In his three years in the historian’s office, von Hasseln coordinated the delivery to Amsterdam of a piece of the World Trade Center that’s planned for a memorial, and he spearheaded the creation of the city’s new Amsterdam Veterans Service Medal, now presented each year to veterans.
Von Hasseln has also drawn hundreds of visitors to the city for tours, one at the city’s Historic architectural sites last year and another this summer that focused on historic aspects of the city’s South Side.
Drumming up interest in Amsterdam, both from its residents and from those outside the city, is one of the primary purposes of the new position, Thane said.
“He’s already doing these things,” she said.
The mayor said von Hasseln’s contacts with state agencies, combined with his ability to write and speak “beautifully,” brought him to the top of the list of candidates for the position.
Among von Hasseln’s prior accomplishments is working to create the New York National Guard’s first-ever tuition waiver, approved by the state in the late 1990s.
Recruitment efforts that followed brought the New York National Guard’s recruitment and retention from last to first place within a year.
Though he’s not officially in the position yet, von Hasseln joined Thane on Thursday to escort a dozen representatives of firms interested in the development potential at the former Chalmers Knitting Mill site on the shore of the Mohawk River.
Von Hasseln — who said he isn’t the type to retire — is formulating an outline on how he’ll approach the community and economic development job with the slogan “all things are possible” in mind.
“I can sell people on Amsterdam,” he said, mentioning that roughly 250 people came by to tour the city’s South Side in June despite driving rainfall that day.
The Long Island native moved into Amsterdam 10 years ago.
He said he became enamored with the city during his military days leading convoys of soldiers from New York City north to Fort Drum.

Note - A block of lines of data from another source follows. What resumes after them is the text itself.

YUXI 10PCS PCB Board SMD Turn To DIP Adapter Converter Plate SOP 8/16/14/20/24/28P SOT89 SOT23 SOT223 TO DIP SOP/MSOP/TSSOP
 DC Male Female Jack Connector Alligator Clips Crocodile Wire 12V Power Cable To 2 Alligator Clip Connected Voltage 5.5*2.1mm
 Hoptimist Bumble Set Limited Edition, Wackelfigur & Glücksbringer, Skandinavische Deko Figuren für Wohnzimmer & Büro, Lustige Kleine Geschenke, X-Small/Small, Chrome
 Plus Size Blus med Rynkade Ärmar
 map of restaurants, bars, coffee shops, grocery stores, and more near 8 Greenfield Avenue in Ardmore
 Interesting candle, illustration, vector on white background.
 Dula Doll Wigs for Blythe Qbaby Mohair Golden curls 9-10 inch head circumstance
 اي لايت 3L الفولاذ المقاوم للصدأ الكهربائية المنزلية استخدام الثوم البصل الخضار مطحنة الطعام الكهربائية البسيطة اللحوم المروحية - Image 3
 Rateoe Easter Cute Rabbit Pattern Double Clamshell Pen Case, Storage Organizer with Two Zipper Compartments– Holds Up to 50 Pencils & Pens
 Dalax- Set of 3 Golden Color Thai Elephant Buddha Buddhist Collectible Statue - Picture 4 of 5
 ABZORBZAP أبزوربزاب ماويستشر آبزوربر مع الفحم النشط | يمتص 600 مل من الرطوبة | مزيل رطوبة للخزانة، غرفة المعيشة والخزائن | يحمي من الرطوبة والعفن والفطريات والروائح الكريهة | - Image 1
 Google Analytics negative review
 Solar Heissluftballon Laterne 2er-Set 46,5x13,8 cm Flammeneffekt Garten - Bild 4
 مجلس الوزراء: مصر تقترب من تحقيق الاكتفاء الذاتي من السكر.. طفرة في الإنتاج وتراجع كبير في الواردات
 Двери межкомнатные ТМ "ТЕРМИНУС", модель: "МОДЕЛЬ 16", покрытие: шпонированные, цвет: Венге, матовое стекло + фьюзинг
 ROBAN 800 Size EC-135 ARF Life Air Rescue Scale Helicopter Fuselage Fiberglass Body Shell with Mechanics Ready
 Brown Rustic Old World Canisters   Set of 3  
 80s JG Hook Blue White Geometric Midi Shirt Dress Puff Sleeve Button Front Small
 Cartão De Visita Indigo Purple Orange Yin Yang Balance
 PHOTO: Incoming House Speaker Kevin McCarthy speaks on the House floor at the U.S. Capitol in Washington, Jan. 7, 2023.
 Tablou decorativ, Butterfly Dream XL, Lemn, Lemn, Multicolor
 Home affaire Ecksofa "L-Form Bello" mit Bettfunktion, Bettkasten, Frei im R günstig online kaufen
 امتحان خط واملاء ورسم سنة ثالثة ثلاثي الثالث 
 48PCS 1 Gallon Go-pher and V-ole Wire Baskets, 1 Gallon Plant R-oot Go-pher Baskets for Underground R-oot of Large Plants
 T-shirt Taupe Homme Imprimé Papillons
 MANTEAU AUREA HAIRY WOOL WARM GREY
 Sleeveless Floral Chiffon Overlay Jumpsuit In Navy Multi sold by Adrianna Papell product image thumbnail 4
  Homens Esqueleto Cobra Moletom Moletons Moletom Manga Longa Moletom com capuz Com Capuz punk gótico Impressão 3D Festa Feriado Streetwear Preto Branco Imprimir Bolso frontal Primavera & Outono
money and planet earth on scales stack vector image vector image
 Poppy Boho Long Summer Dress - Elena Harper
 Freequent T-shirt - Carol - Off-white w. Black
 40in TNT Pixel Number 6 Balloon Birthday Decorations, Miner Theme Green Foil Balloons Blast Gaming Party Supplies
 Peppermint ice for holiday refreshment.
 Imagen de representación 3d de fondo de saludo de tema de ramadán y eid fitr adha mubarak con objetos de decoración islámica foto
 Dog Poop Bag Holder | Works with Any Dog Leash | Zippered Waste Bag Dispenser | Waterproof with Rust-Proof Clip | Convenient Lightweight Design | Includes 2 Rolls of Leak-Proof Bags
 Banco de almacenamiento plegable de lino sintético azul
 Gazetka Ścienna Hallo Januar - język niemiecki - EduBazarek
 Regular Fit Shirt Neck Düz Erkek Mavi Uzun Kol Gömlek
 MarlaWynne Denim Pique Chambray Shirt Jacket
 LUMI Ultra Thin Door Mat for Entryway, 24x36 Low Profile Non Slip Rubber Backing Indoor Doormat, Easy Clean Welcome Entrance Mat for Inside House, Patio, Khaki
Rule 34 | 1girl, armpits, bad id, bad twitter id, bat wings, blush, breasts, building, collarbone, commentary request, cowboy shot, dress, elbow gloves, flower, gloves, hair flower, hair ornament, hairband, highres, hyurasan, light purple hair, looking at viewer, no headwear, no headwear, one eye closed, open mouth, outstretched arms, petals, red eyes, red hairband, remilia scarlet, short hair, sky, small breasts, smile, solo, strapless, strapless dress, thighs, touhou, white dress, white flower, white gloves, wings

The city always appeared on a hill on the horizon while driving north, he said, and served as a mid-trip rest stop.
“I saw Amsterdam rise in the distance. It represented an upcoming break,” he said.
Von Hasseln said he’ll have to give up his $5,000 salary as historian — a position he intends to keep — to start earning the $45,000 salary allotted for his new job.
Those who have met von Hasseln already know he’s a walking encyclopedia with a breadth of historical knowledge, but he hasn’t always been a historian.
He served about five years as an investigator for Pinkerton Security in New York City and, after starting as a bookseller, rose to manage a Barnes & Noble bookstore within two years.
He said he intends to bring some more optimism to the city.
“You have to start with a positive attitude,” von Hasseln said.